Technology has catapulted the human race eons above any other animal, make our work more efficient, our lives more comfortable and saved millions of human lives that would have been lost without the recourse to techonological advances. The power of technology has enable us to attempt to control not only human life but also the beginning of human life itself. Every one would agree that the power of technology should respect the ethical boundaries. Although the fruits of technological progress are sweet temptations, techonology too should halt at the tree of knowledge of good and evil. But where concretely is that limit?
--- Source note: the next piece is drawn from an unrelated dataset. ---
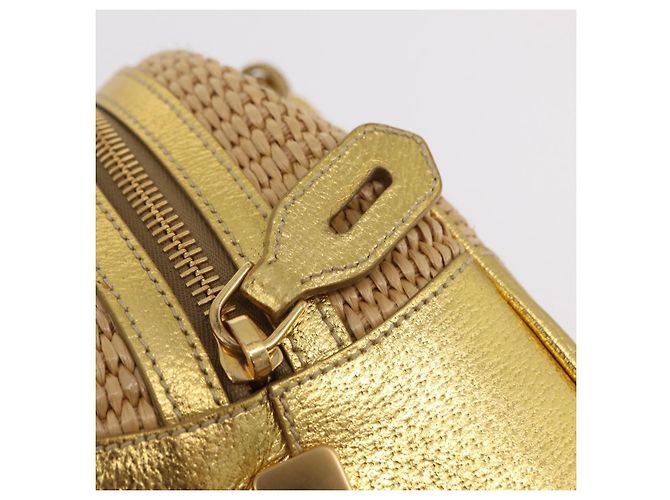 PRADA Kettenhandtasche aus Raffia Beige Goldfarben BL0352 Auth am12833M - Ansicht 16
What are the lines technology should not cross?
53. It is wrong to kill embryonic people to have more people.
54. Spouses should procreate with each other exclusively.
55. People should be procreated, not made.
56. Technology should help people, not substitute them.
57. Couples may not want children, but there should never be an unwanted child.
58. Respecting the spouses is respecting their bodies and their fertilities.
59. The pill promised to fix marriages but backfired.
60. Abortion is a taboo topic for the wrong reasons.
61. We all have the same basic dignity because of what we are; not because of what we do.
62. All humans have equal, basic dignity, human embryos included.
63. Birth control does not justify choosing who lives and who dies.
Technology not only empowers us with greater capacities: capacities that are intrinsically tied with the very origin and transmission of human life itself. But technology also comes with the Promethean temptation to believe that we are almighty and nothing can stop the technological progress of the human race.
Technology is "more than technology". It not only changes the realities that it aims to change; it changes the agent of technology as well. It makes us think differently. When we think about human relationships, human life, marriage, and human embryos are understood in techonological terms, they become objects to be controlled and subjugated. Then, human life stops being understood as a gift to be welcome, honored and shared. The technocratic paradigm is slowly but surely invading the personal paradigm putting persons at the service of efficiency and pragmatic goals.
Only a radical view of the dignity of human life can offer some light to the limits of the new technological powers. Not everything that can technologically be done should be done. Technological advancement should serve the dignity of human life and not snatch the fruit of that dignity from the tree of "the knowledge of good and evil". For it is precisely the tree of morality that nourishes that fruit.